After presenting, save the same entry (identical shape, including a model-mix table — the jq snippet lives in docs/tokenomics/README.md) as an INDIVIDUAL timestamped doc docs/tokenomics/YYYY-MM-DD-window-<since>-to-<until>.md (date = analysis date, title # Tokenomics update — YYYY-MM-DD (window <since> → <until>)), and commit it to the base branch as docs(tokenomics): add YYYY-MM-DD update. One doc per analysis — do NOT append to a rolling file. This is the human-readable analysis layer; the machine layer stays snapshot-tokenomics-history.sh (below). Skip when the report was empty/gated-off.

Persisted history (#832)

The live agent-costs.jsonl is subject to transcript/log pruning — once a raw transcript is gone, the backfill can no longer reconcile that day. scripts/snapshot-tokenomics-history.sh rolls up a durable per-day aggregate that survives raw-log pruning, so the seed-doc shape is reproducible after the underlying records are gone. It is the live successor to the hand-computed seed in docs/tokenomics-history-2026-05-29-to-06-02.md.

Snapshot step — gated (PIPELINE_LOGS_ENABLED=true); a gated-off run prints SKIP_LOGGING_DISABLED and exits 0 (same skip-detection as Step 1):
```
PIPELINE_REPO="$PIPELINE_REPO" PIPELINE_LOGS_ENABLED="$PIPELINE_LOGS_ENABLED" CLAUDE_PROJECT_DIR="$(pwd)" bash "${CLAUDE_PLUGIN_ROOT}/scripts/snapshot-tokenomics-history.sh"
```
It invokes cost-latency-report.sh --emit-day-json (one aggregation path — same dedup / reconcile / pricing / LOC-join substrate) and upserts each day object into .claude/logs/tokenomics-history.jsonl, keyed by date (last-write-wins). Re-running a day overwrites its row, so as lower-bounds reconcile upward (usage_complete flips, totals grow) the stored row grows monotonically; the usage_complete_floor field records whether a day is still a floor. Passthrough flags (--since / --until / --limit / --capture-log / --fixture) forward verbatim to the report. The store resolves to the MAIN worktree (like capture-agent-costs.sh), so a run from a linked worktree still lands in the durable store.
--emit-day-json (machine mode on the report) — emits one compact JSON object per day over the resolved [--since,--until] window, sorted ascending by date. Schema: {date, n, tokens{input,output,cache_creation,cache_read,total}, per_n{...}, active_loc, per_loc{...|null}, priced_n, cost{...}, cost_per_n, cost_per_loc, usage_complete_floor}. n counts ALL records (priced + unpriced); priced_n excludes model=="". The per-LOC figures are directional, not additive across days (the same issue's LOC can recur under multiple days) — per_loc / cost_per_loc are null for days with no merged-PR LOC join.
--history [PATH] (render mode on the report) — renders a table from the persisted store instead of the live log, for use after the live log is pruned.

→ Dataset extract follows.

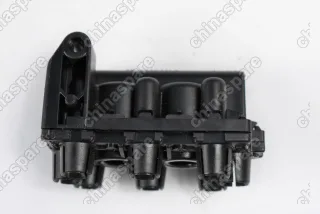 Клапан вакуумный Mercedes-Benz C-Class W202 1993-2000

Reads ONLY the store (no PR join, no gh); an absent/empty store prints an empty-history notice and exits 0. With no PATH, defaults to the resolved .claude/logs/tokenomics-history.jsonl. null per-LOC cells render --.
```
PIPELINE_REPO="$PIPELINE_REPO" PIPELINE_LOGS_ENABLED="$PIPELINE_LOGS_ENABLED" CLAUDE_PROJECT_DIR="$(pwd)" bash "${CLAUDE_PLUGIN_ROOT}/scripts/cost-latency-report.sh" --history
```
Cadence (operator-applied) — recommended to run the snapshot on the operator's host (cron) more frequently than transcript/log retention, so a day is captured before its raw records are pruned. Per CLAUDE.md "Configuration conventions" the live pipeline.config/crontab is host-specific and hand-patched; this script ships the logic, the operator wires the crontab line locally (same pattern as the capture-agent-costs.sh cron). No tracked-file footprint for the cron itself.

Dogfood-only

This skill is dogfood-only by convention. It reads ONLY the PIPELINE_LOGS_ENABLED-gated .claude/logs/agent-costs.jsonl, invokes repo-local scripts via ${CLAUDE_PLUGIN_ROOT}/scripts/, and writes NOTHING to the consumer's .claude/{skills,hooks,scripts,agents}/ or .claude/settings.json (see CLAUDE.md "Namespace discipline"). The .claude/logs/ capture log is the only consumer-owned path touched, and only for reads — it is already on the runtime allow-list.

The name tokenomics was chosen over analyze-usage to avoid colliding with /pipeline:status --analyze.